Setting up droplet microfluidic experiments can be tricky. There are a number of things that need to be considered in advance that the microchips are prepared for the experiments properly. In the following, we have put together a list of questions that need to be addressed before designing and fabricating a microfluidic droplet generator.
There is no unique answer to this question. The required cell diameter is related to several parameters. The cell size is an important factor in determining the required droplet size. In some applications, there might be a need for incubating the cells within the droplets. Here, care should be taken to ensure the droplet volume is sufficient for containing the nutrients for the duration of the incubation. Each droplet generator microfluidic chip allows a range of droplet sizes to be produced stably. Outside of this range, either the droplets would not be uniform or no droplet would form. This span of droplet sizes is highly related to the microfluidic channel size and nozzle dimensions. The droplet size can be changed by changing the flow rates and flow rate ratios of the aqueous and oil phases.
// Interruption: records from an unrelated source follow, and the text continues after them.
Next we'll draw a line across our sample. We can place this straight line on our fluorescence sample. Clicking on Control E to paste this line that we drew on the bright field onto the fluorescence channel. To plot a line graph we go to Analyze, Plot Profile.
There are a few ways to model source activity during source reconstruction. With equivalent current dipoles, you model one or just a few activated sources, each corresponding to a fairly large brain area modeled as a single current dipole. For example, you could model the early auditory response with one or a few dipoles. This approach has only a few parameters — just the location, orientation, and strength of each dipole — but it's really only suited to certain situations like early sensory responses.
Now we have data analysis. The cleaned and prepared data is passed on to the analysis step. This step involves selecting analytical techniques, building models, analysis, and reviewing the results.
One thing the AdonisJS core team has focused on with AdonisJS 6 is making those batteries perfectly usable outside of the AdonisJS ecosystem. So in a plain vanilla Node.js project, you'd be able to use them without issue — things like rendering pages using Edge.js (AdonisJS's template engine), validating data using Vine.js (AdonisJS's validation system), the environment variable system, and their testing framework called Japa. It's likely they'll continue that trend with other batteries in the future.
The first thing that needs attention here is the reagents. The reagents can affect the droplet size and the vitality of the cells. At least one oil phase and one aqueous phase are needed for a droplet microfluidics experiment. The choice of the oil phase depends highly on the nature of the experiment. For example, in single-cell assays, it is very common to use fluorinated oil. The high capacity of fluorinated oils for oxygen increases cell vitality. Some common fluorinated oils are FC-40, FC-3283, and HFE-7500. Mostly, there is not as much flexibility as the oil phase in selecting the aqueous phase. For single-cell studies, it is dictated by the cell type and its nutritional demands whereas in material synthesis application it is the hydrogel type determines the composition of the aqueous phase.
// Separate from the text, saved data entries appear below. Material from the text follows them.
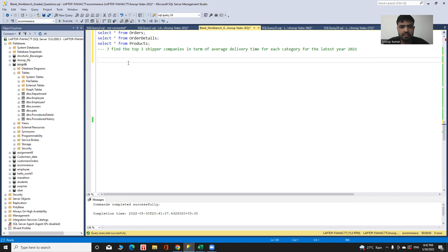As an analyst in an e-commerce company, I have a business problem. I need to find the top three supplier companies in terms of their average delivery time for each category, and the year for this is 2021.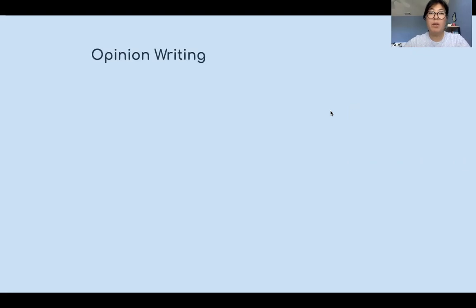Hello boys and girls and welcome back for another writing lesson with Ms. Kim. We're still going to be working on opinion writing. Thank you for submitting your work. You should have already done two opinion writings, so this is your third opinion writing. Let's do a quick review of opinion writing.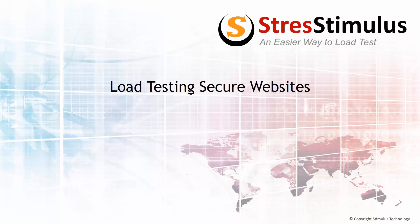Welcome to Stress Stimulus Video Training. In this video, we will learn how to load test secure websites.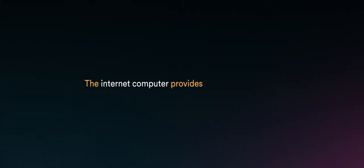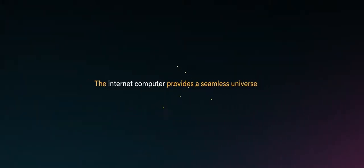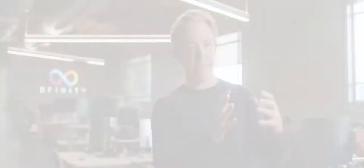The Internet Computer provides a seamless universe for software and within the Internet Computer there's no notion of distribution. We have something called a software canister model. A canister is a bundling of software and its associated state.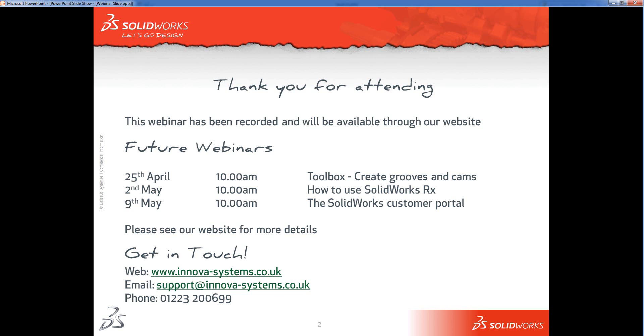And the 9th of May is the SOLIDWORKS Customer Portal, which is a really useful source of advice and downloads and various bits and pieces. So thank you very much for watching.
Next, the surfactant needs to be determined. Surfactants are of utmost importance in droplet microfluidic experiments. Surfactants normally have a hydrophobic tail and a hydrophilic tail. They form a layer around the droplet which lowers the surface tension and increases the stability. Oftentimes, the droplets undergo several tasks after generation. A good surfactant ensures that the droplets do not merge during the passage through the microfluidic device. As the field grows and the experiments become more sophisticated, many researchers have turned to synthesize home-made surfactants that best suits their need. The proper choice of surfactant also prevents non-specific adsorption of the reagents. Some common surfactants for fluorinated oils include dimorpholinophosphate-PFPE (DM-PPFPE), polyethyleneglycol-PFPE (PEG-PFPE), and ammonium salt of carboxy-PFPE (Carboxy-PFPE).
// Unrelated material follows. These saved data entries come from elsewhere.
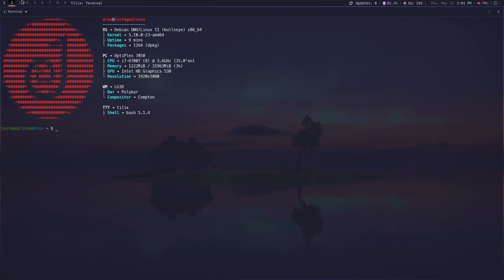Hello and welcome back to the channel. My name is Drew. This is Just a Guy Linux. Today we are going to build a custom website using Hugo as a static site generator and we're going to host this on GitHub. Further, we're going to change the DNS for a custom domain name or custom URL basically. Alright, well let's get this ready to go.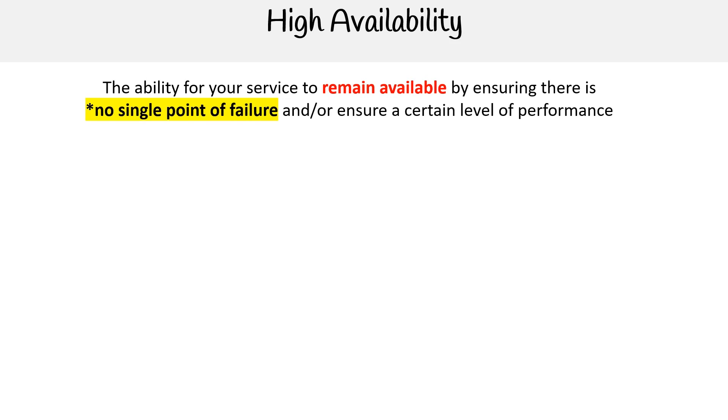Hey, this is Andrew Brown from ExamPro, and we are looking at the concept of high availability. High availability is the ability for your service to remain available by ensuring there is no single point of failure and to ensure a certain level of performance.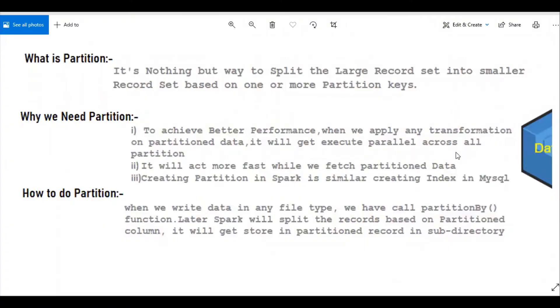Hello Programmer. In this video, we're going to discuss how to partition records using Apache Spark with Scala.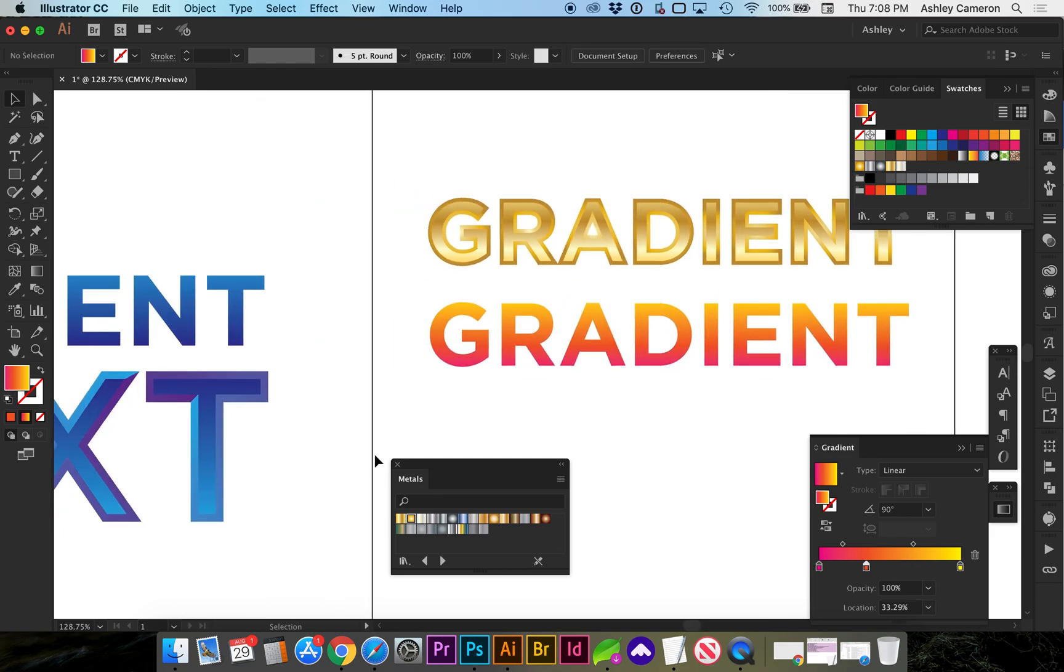So that's how you create gradient text. If this video helped you out, please like the video and subscribe. Thanks for watching!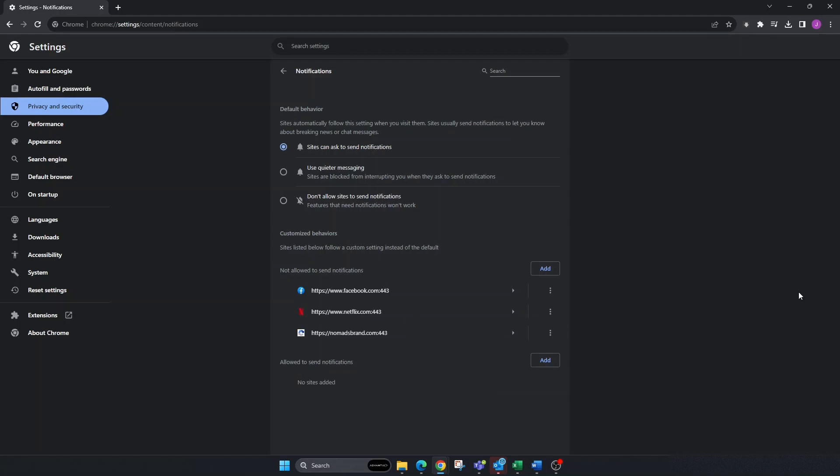Now on the other hand, you have a few other options up here. Sites can ask to send notifications, and you can deny it. You can use quieter messaging where sites are blocked from interrupting when they ask to send notifications.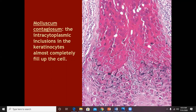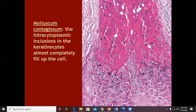Then for ORF, there are intracytoplasmic inclusions. And for molluscum contagiosum, there are very prominent intracytoplasmic inclusions that have pushed the nucleus to one side. So some infections are intranuclear and some are intracytoplasmic.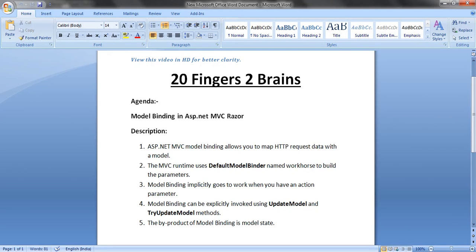Hello friends. In this video we are going to see an amazing feature in ASP.NET MVC, that is model binding. ASP.NET MVC model binding allows you to map HTTP request data with a model. The MVC runtime uses a default model binder named workhorse to build the parameters. Model binding implicitly goes to work when you have an action parameter, and can be explicitly invoked using UpdateModel and TryUpdateModel methods. The byproduct of model binding is model state.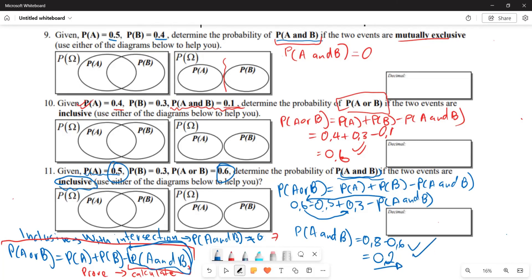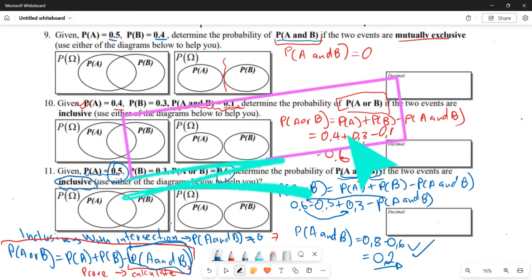So basically, these are some of the basic fundamentals when it comes to mutually inclusive and mutually exclusive events. Hopefully this at least highlights some things for you. Thank you very much.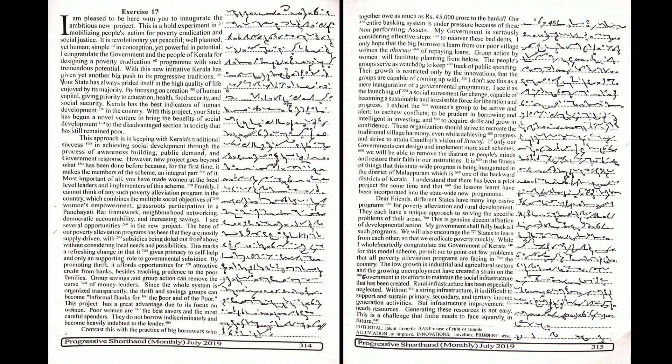We will also encourage the states to learn from each other so that we eradicate poverty quickly. While I wholeheartedly congratulate the government of Kerala for this model scheme, permit me to point out few problems that all poverty alleviation programs are facing in the country.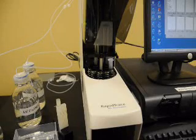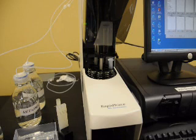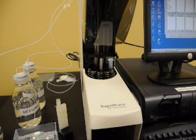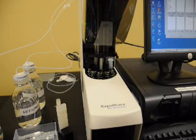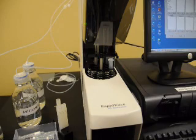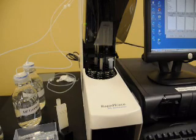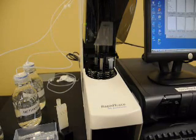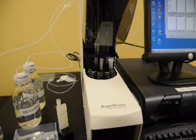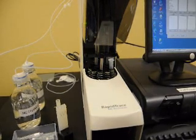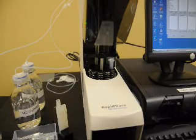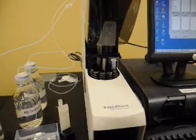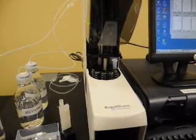The system is now continuing on with loading the sample through the SPE column. And to do this, the cannula goes down into the sample tube and aspirates the sample into the syringe. And then it passes through the SPE column. And unless we've specified we'd like to collect a fraction, it will go through to the aqueous waste portion of the waste reservoir.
Polydimethylsiloxane (PDMS) is a popular material in microfluidic chips. PDMS is of a hydrophobic nature. However, upon exposure to plasma during plasma bonding, it temporarily becomes hydrophilic and reverts to hydrophobic in a few days. This feature is referred to as the hydrophobic recovery of the PDMS.
Depending on the experiment, the requirements for hydrophobicity and hydrophilicity of the microchannel surface can be different. For oil in water droplets, a hydrophilic surface repels the droplets and prevents absorption or crawling of the droplets on the wall. This hydrophilic coating results in more stable and uniform oil in water droplets. For water in oil droplets, the case is the opposite. A hydrophobic surface is desirable for water in oil droplets. Although PDMS recovers to a hydrophobic state a few days after bonding, it is not hydrophobic enough. A hydrophobic coating is highly recommended in this case to reduce the contact angle of the surface and boosts the quality of the generated droplets.
Therefore, care should be taken to treat the surface of the channels according to the experiment. A proper surface treatment assures that the droplets will be stable and do not get disrupted by unnecessary interaction with the walls.
The main questions over here are what flow rates and flow rate ratios should be used? And how much should be the concentration of the cells?
A good starting point for testing the flow rates can be deduced from other research articles with comparable channel dimensions. One can then change the flow rates and flow rate ratios and measure the droplet size at each point. A map can then be made that includes the droplet size vs. flow rate and flow rate vs. droplet generation frequency.
As the name implies, single-cell analysis studies, required the droplet not to contain more than one cell. However, the cells are randomly distributed inside the solution and thus the encapsulation process is random meaning that some droplets might contain more than one cell. The probability of having droplets with more than one cell significantly decreases when Poisson distribution formulas are considered. The Poisson distribution determines the concentration of the cells at which the probability of droplets with multiple cells falls below a particular threshold. Based on the threshold and the flow rates, the recommended cell concentration varies. Online Poisson calculators like the one developed by Dropletex can come in handy when designing a droplet microfluidic experiment for single-cell analysis.
In many cases, the droplet formation and cell encapsulation do not suffice. Oftentimes, a post-generation step is needed to manipulate the droplets. This could include picoinjection, reinjection, incubation, thermocycling, polymerization, mixing, merging, splitting, etc. The manipulator chip needs to be synced with the droplet generator chip in terms of the microfluidic channel dimension and surface treatment. -An original uFluidix Article.